Screening Tests are important in diagnosing prostate cancers. They consist of a digital rectal exam (DRE) and a blood test called PSA (Prostate Specific Antigen).

In order to maintain a patient’s quality of life (and avoid over-treating patients), some patients with early-stage disease have been placed on active surveillance. Under active surveillance, patients are not treated immediately. Instead, they are monitored closely, and with repeat biopsies, the volume and aggressiveness of their prostate cancer is monitored. Prostate cancer treatment is then offered when a patient’s volume increases or if the aggressiveness of the prostate cancer worsens (or if the patient no longer wants to remain on active surveillance). At that time, either surgery or radiation therapy is provided to the entire prostate gland with the potential side effects as listed above (impotence, loss of urinary control, change in ejaculation, etc.).

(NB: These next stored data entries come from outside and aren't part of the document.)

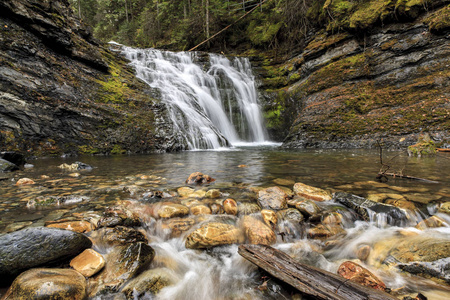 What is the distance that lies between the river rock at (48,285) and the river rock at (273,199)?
1.93 metres

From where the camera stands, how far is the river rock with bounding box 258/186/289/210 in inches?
99.2

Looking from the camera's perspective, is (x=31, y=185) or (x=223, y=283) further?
(x=31, y=185)

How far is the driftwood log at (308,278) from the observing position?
3.79 ft

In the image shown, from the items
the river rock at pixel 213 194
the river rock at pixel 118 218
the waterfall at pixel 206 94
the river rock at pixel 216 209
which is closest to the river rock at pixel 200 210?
the river rock at pixel 216 209

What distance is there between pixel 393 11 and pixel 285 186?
1024cm

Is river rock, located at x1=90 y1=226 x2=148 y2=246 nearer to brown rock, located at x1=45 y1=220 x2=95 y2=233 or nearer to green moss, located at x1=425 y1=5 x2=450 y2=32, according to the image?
brown rock, located at x1=45 y1=220 x2=95 y2=233

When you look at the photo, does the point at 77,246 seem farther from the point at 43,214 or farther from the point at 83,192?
the point at 83,192

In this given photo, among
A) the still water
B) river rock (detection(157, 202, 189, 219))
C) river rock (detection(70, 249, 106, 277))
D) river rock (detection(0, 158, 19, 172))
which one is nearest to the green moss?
the still water

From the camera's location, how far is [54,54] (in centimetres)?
787

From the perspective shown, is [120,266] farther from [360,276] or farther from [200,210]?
[360,276]

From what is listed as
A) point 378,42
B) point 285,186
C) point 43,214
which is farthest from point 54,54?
point 378,42

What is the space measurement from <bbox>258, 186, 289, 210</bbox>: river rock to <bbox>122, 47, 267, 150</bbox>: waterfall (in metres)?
6.80

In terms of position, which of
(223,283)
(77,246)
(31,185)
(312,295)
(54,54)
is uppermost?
(54,54)

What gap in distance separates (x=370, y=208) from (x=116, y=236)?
272 cm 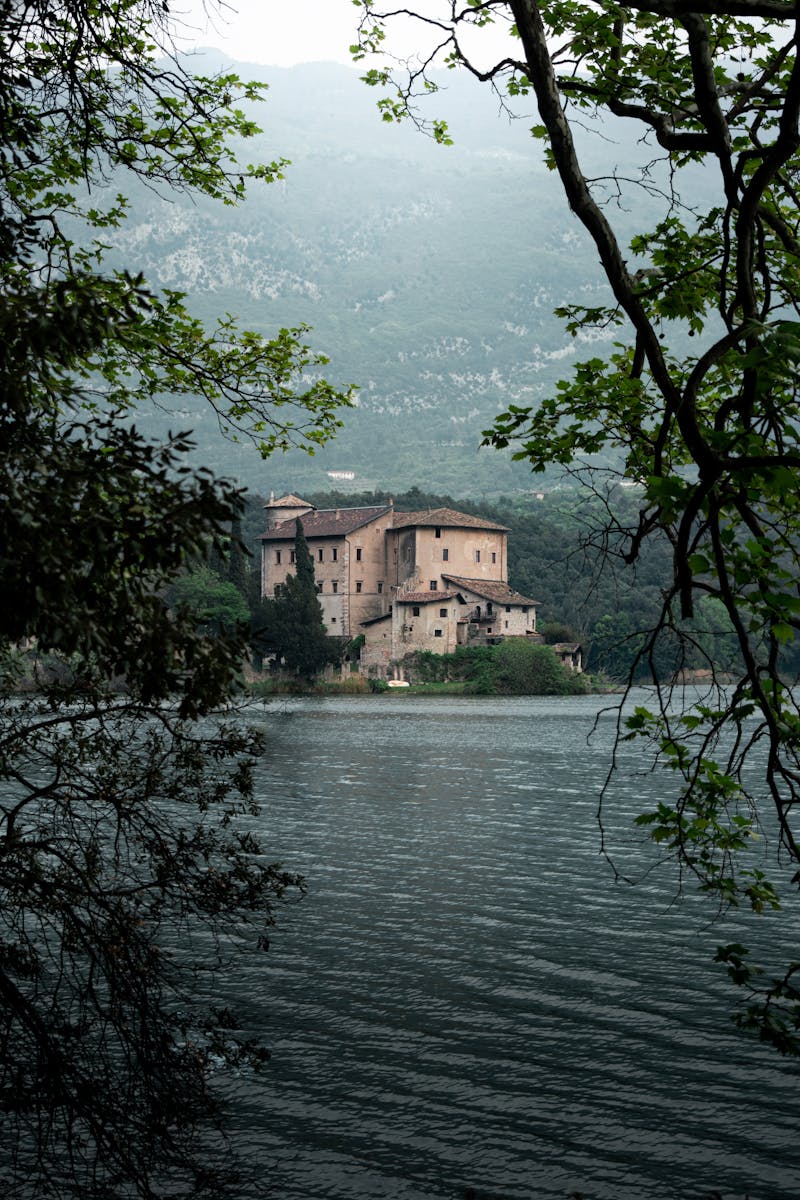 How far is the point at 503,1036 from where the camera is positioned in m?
9.75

In order to maintain a patient’s quality of life, some patients with early-stage disease have been placed on a prostate preservation treatment called active surveillance. Under active surveillance, patients are not treated immediately. Instead, they are monitored closely, and with repeat biopsies, the volume and aggressiveness of their cancer is monitored. Treatment is then offered when a patient’s cancer volume increases or its aggressiveness worsens (or if the patient no longer wants to remain on active surveillance). At that time, either surgery or radiation therapy is provided to the entire prostate gland with the potential side effects as listed above (impotence, loss of urinary control, change in ejaculation, etc.).

One of the shortcomings with an active surveillance approach to prostate preservation is that because patients are not being treated promptly and treatment is delayed until there is further progression of their cancer (either in terms of volume or aggressiveness), it’s possible that they will ultimately develop more volume of disease. If this happens, a patient’s chance of being cured is decreased, and their cancer can actually spread outside the prostate where it is no longer curable. Because of the delay in treatment, the outcomes for a number of patients on this particular prostate preservation approach will be less than optimal.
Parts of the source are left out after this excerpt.